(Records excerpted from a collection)
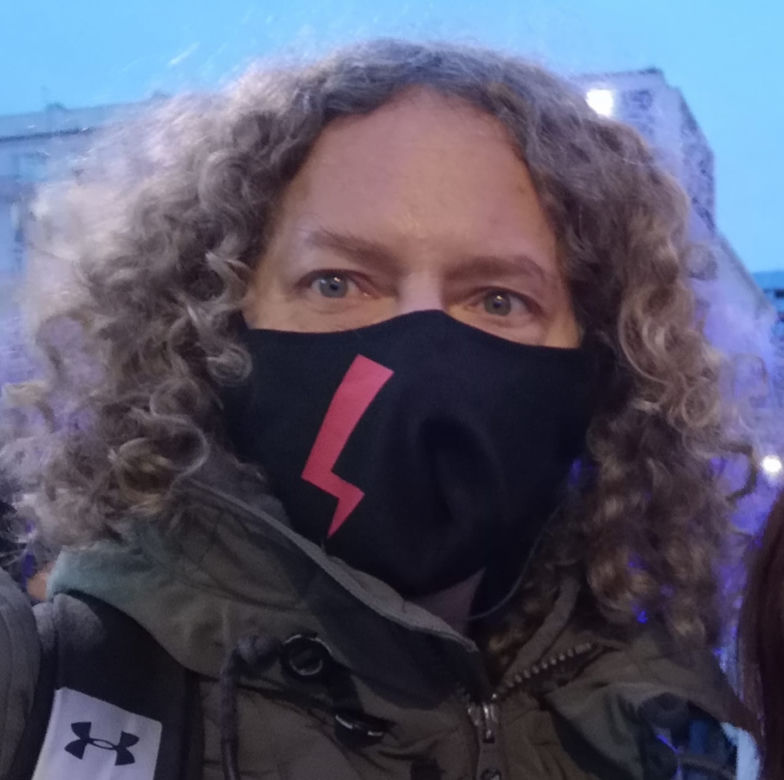 Znany warszawiak uzgadnia płeć. Zmienia się w piękną kobietę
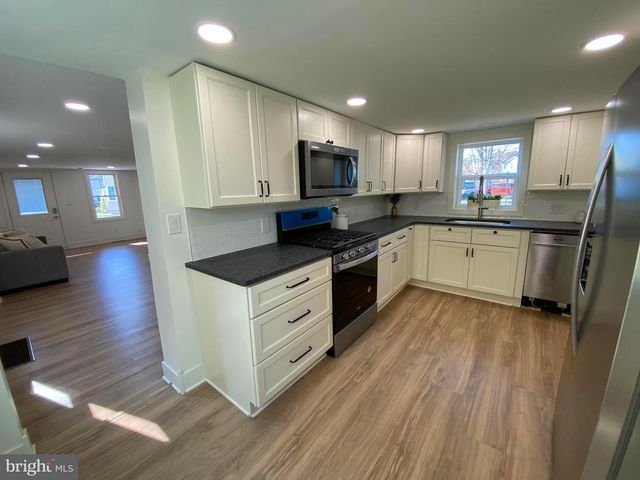 105 3RD AVE, Pitman, NJ 08071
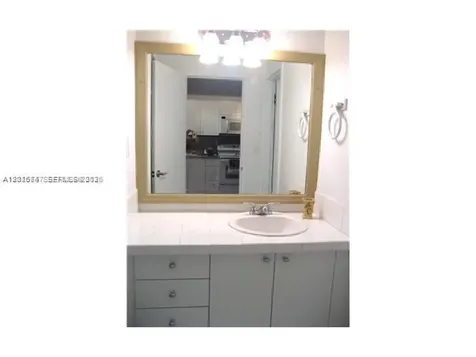 100 Lincoln Road Miami Beach FL 33139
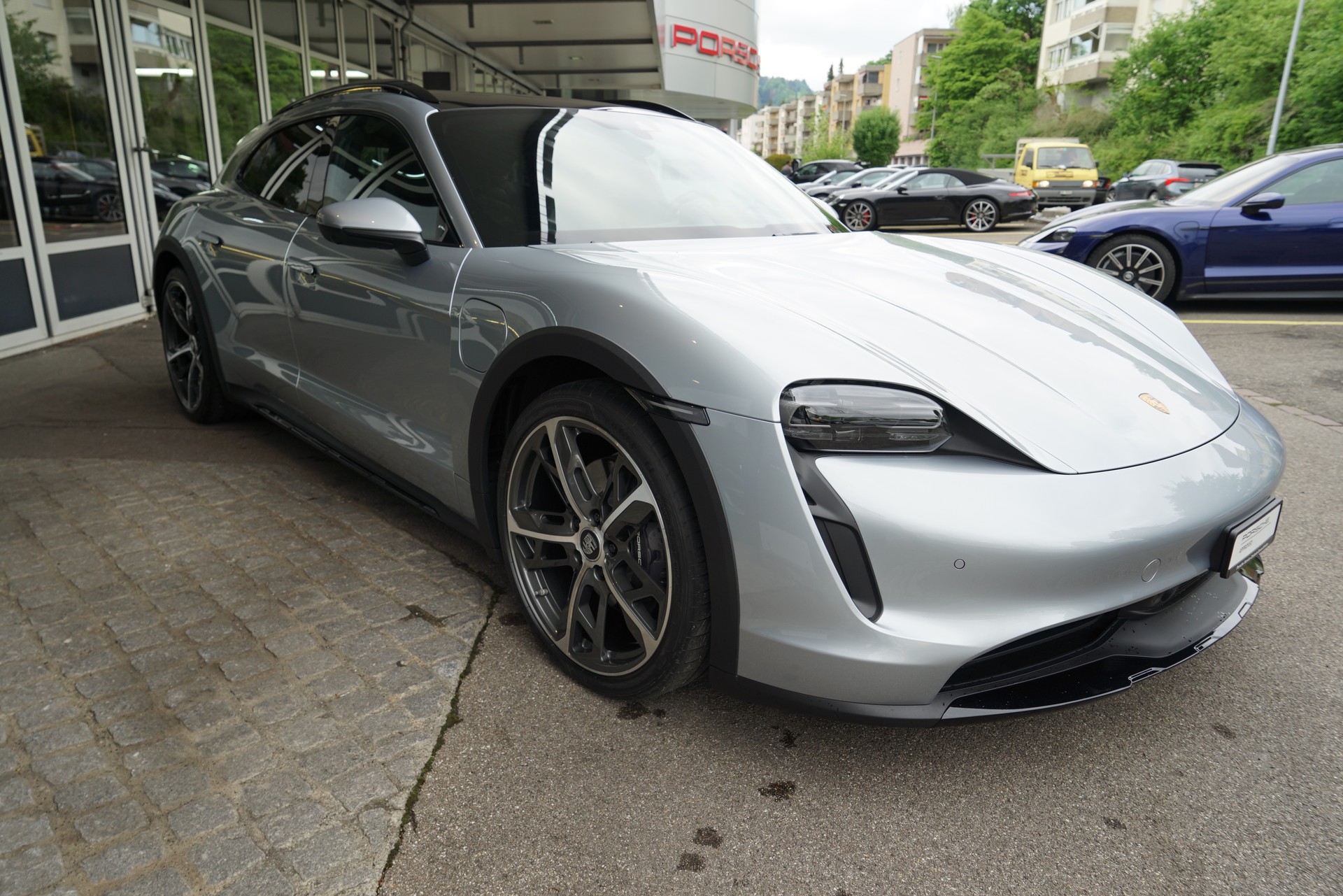 PORSCHE Taycan 4 Cross Turismo-showroom-element-3
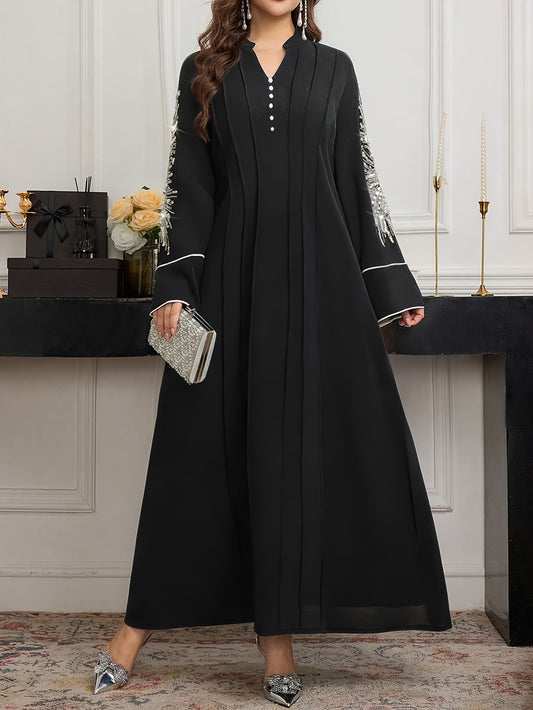 عباية نسائية طويلة الأكمام بتصميم A-line، بلون موحد، برقبة على شكل V، بتطريز خرز وتفصيلات متناقضة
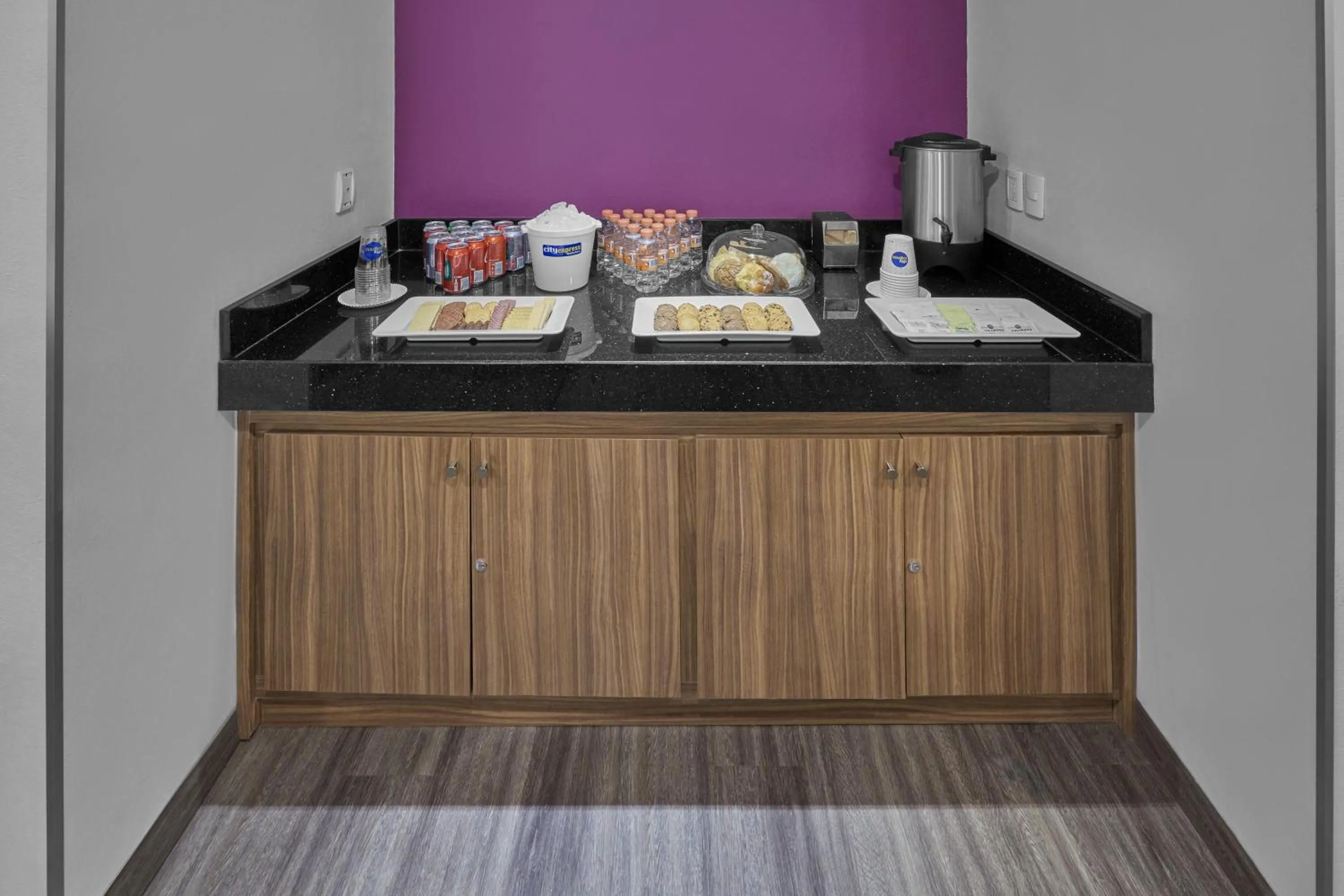 Meeting/conference room in City Express by Marriott Tampico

-- Task goal --
Drop the images; copy every entry above exactly.

-- Finished task --
 Znany warszawiak uzgadnia płeć. Zmienia się w piękną kobietę
 105 3RD AVE, Pitman, NJ 08071
 100 Lincoln Road Miami Beach FL 33139
 PORSCHE Taycan 4 Cross Turismo-showroom-element-3
 عباية نسائية طويلة الأكمام بتصميم A-line، بلون موحد، برقبة على شكل V، بتطريز خرز وتفصيلات متناقضة
 Meeting/conference room in City Express by Marriott Tampico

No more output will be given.